General information
- Type: Reconnaissance aircraft
- National origin: Germany
- Manufacturer: Siemens-Schuckert
- Designer: Steffen
- Number built: 1

History
- First flight: 1915

= Siemens-Schuckert B =

The Siemens-Schuckert B was an unarmed German two seat reconnaissance biplane built early in World War I. A single example was delivered but soon lost.

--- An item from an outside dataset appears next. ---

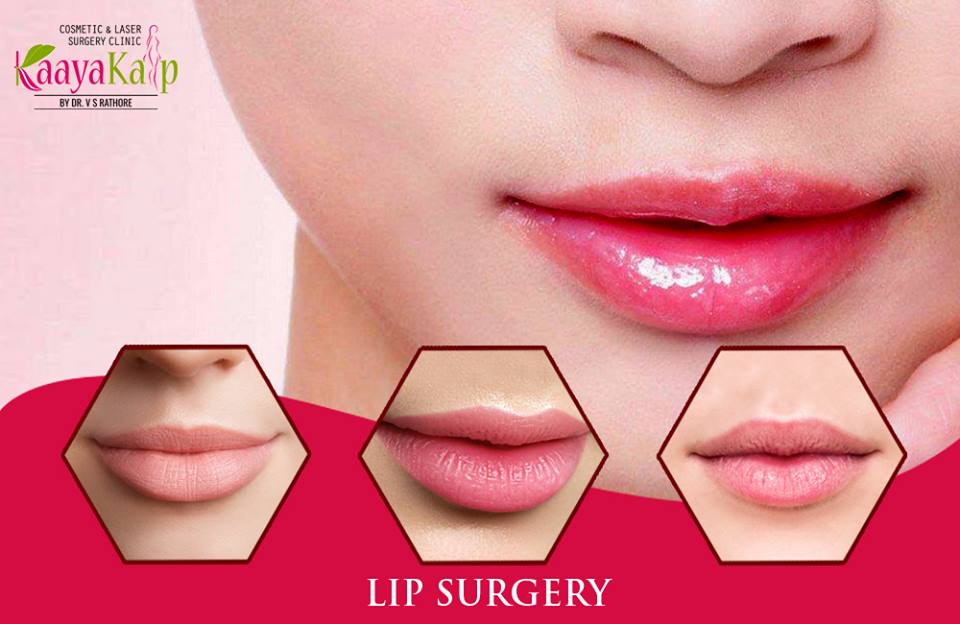 Lip Implants Procedure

==Design and development==
The two seat unarmed B was built in 1915 for reconnaissance duties. It was an equal span, two bay biplane, with straight edged, constant chord wings mounted without stagger. Unusually, the wing spars were made from tubular steel. The wings had parallel pairs of interplane struts, the inner ones with additional diagonal strut cross bracing, and bays laterally conventionally braced with diagonal flying wires. The lower wing was joined to the lower fuselage longerons and the upper wing supported over the fuselage on a pair of outward leaning N-form struts from the upper fuselage; a fully semi-circular cut-out in the upper trailing edge improved the pilot's upward vision.

The B was powered by a 110 hp Siemens-Halske Sh.I nine cylinder rotary engine, driving a two blade propeller and housed within a partially enclosing, oil deflecting cowling. Behind it the fuselage was flat sided. The aircraft had a conventional undercarriage with mainwheels on a single axle supported on V-form struts.

The sole B built was delivered to the communications centre at Ostend. After it crashed, some parts were retrieved and used by Siemens-Schuckert in the construction of the E.II monoplane.